**TASK DESCRIPTION:** No pictures belong in the copy. Set down exactly the lines from the one that contains "Paradise Palms 4 Bedroom Home by RedAwning" through the end of the data.

── THE DATA ──

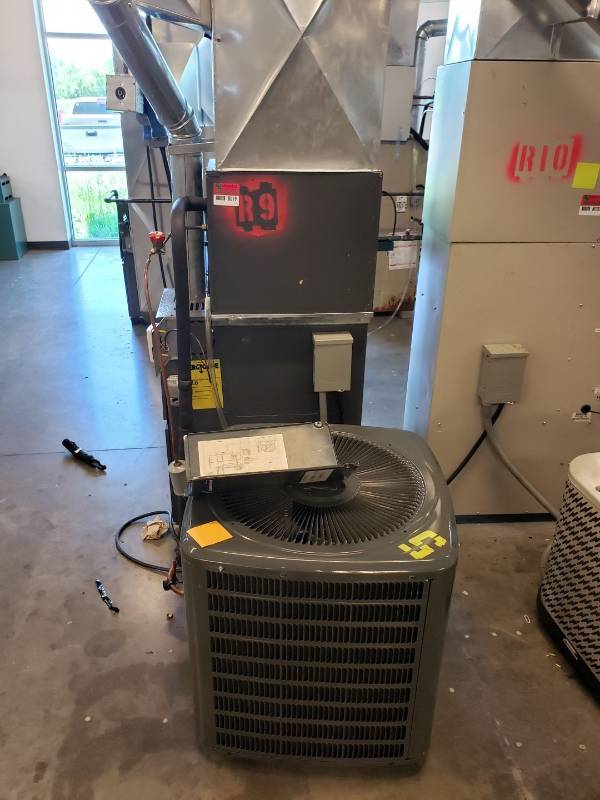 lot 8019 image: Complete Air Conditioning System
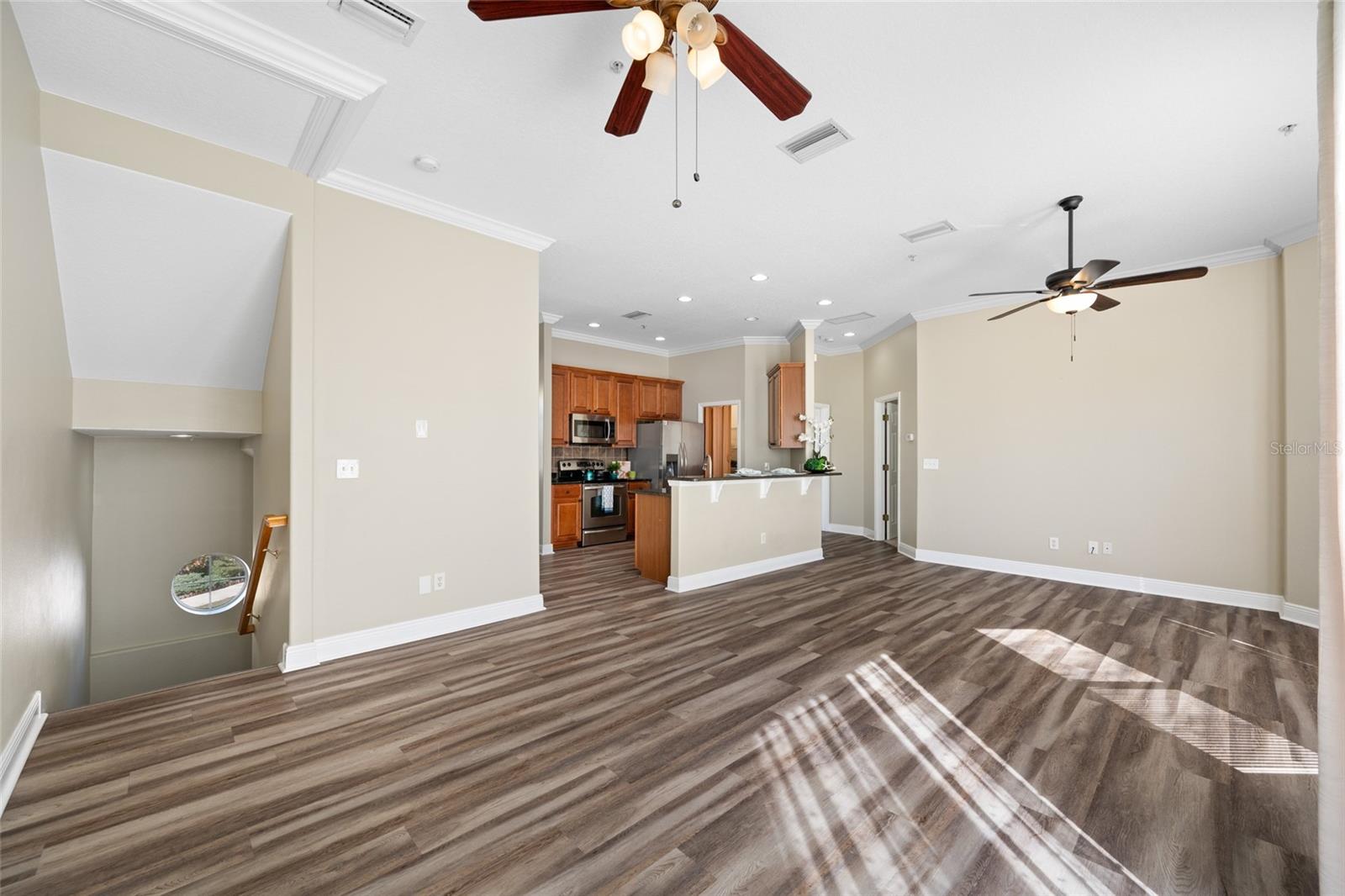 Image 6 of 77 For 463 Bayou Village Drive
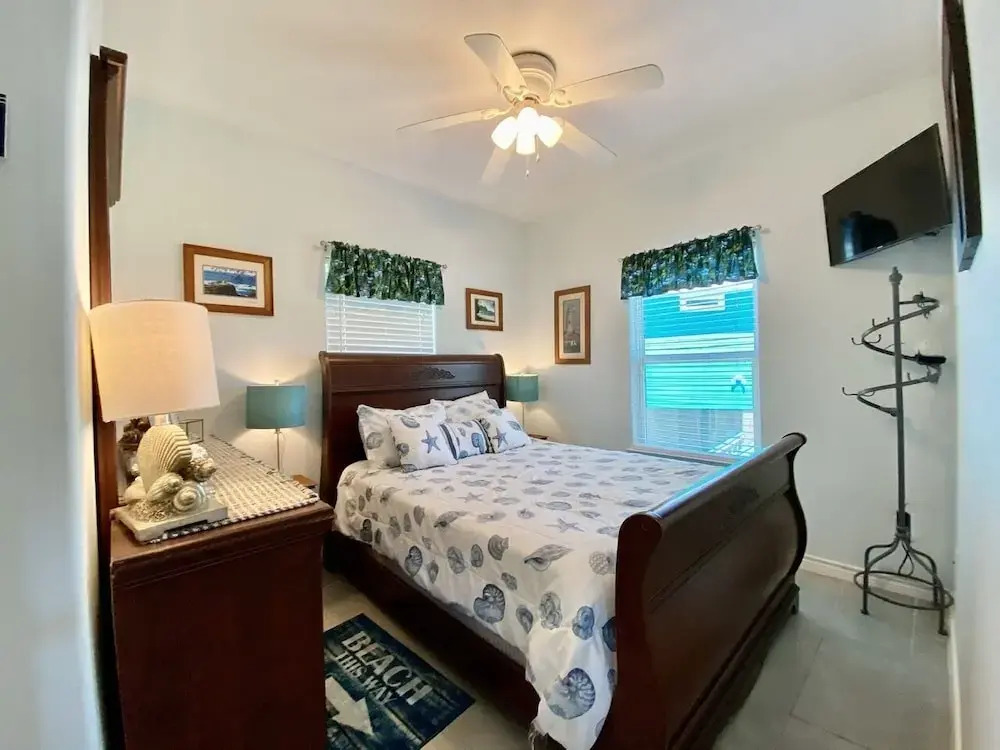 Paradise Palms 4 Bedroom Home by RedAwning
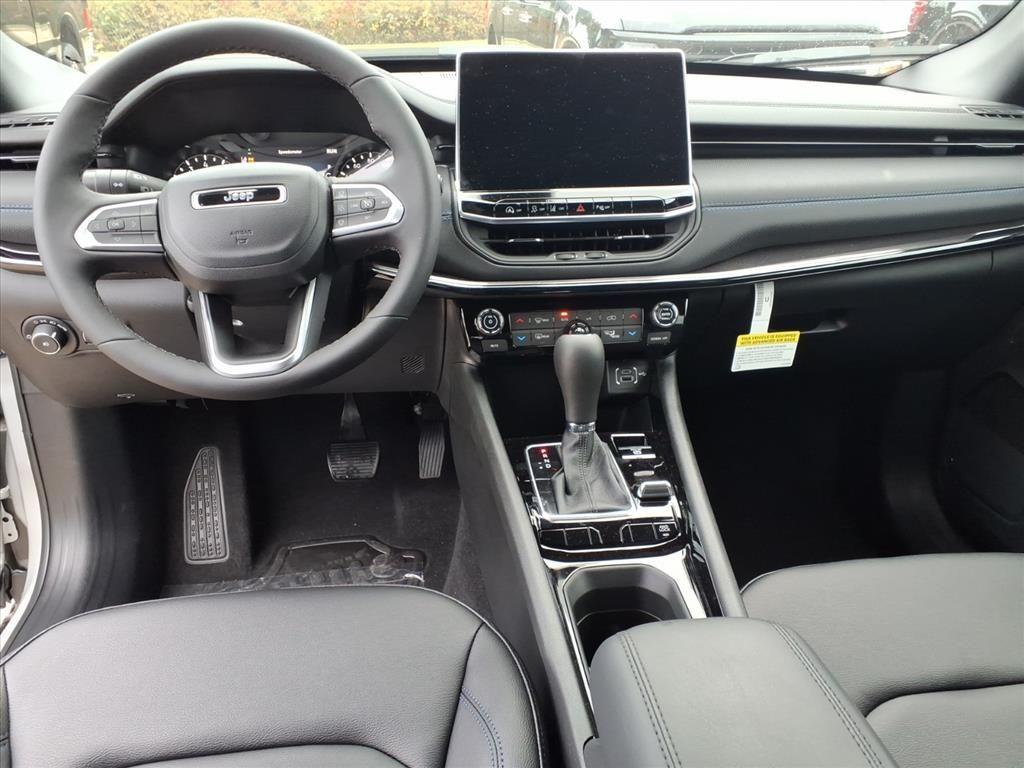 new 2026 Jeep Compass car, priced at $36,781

───

**TASK SOLUTION:**
 Paradise Palms 4 Bedroom Home by RedAwning
 new 2026 Jeep Compass car, priced at $36,781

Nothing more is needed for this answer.